How would you be able to determine whether a visit to a page is a real visitor or a bot/crawler?
The only way I can think of at the moment is comparing the $_SERVER[‘HTTP_USER_AGENT’] with a known list of bots/crawlers compiled from sites like these:
I realize this method would not be exact (agent spoofing or new agents/versions not on the list), but is there a better method of detection, or is this pretty much it?
Just how does that distinguish between a spider and someone who has set their useragent to match that used by a spider (bith IE and Firefox allow the browser owner to set the useragent to anything at all).
Just about every stats program I have seen produces stats on whether the visitors are real people or bots. Therefore the question of distinguishing between the two is unnecessary if you are intending to use the information to look at stats since all the stats programs already perform those analyses.
You would only need to distinguish the one from the other therefore for other purposes than stats and there the best advise that can be given is to not even attempt to make the distinction since legitimate bots from search engines etc will penalise any page that attempts to treat them differently from real visitors and that difference can be easily detected. In fact the main reason why anyone would set their useragent to match that of one of the search engine spiders is so as to see how the page looks to that spider and (mainly in order to see if it looks any different to them).
The JavaScript writes an image tag. The image tag’s source points to a PHP script. The PHP script records the hit. You don’t need to program any logic, it’s inherent in the design. Browsers with JS disabled don’t get counted… but that 1-2% of your traffic isn’t going to change any of the macro level data you look at web stats for anyway.
So you would count the hit only if javascript sends back a hit and the image sends back a hit? What would happen with browsers with javascript disabled?

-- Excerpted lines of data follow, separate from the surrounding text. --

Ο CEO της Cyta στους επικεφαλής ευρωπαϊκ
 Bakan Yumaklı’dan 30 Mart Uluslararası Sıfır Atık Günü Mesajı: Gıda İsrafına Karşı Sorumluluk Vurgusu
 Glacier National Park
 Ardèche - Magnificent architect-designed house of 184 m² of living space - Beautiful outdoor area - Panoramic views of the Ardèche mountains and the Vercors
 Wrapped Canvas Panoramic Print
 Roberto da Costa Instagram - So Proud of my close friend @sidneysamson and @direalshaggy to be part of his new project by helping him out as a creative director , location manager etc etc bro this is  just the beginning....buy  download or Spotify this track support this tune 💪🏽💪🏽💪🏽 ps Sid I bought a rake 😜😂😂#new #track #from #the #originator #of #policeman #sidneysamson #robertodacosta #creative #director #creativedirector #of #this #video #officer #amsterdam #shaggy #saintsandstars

You eliminate 99% of bots/crawlers by using JavaScript & image based tracking, like Google Analytics or any other third party tracker. Very few crawlers are executing JavaScript then fetching images from the resulting image tags produced.
You don’t really have a choice in that case. If the only time you can collect a data point is when you’re sending a location header, all you have to tell the requestor from a bot is the user-agent string and IP address. So filter against known IPs and user-agents of bots, which browscap.ini is good for.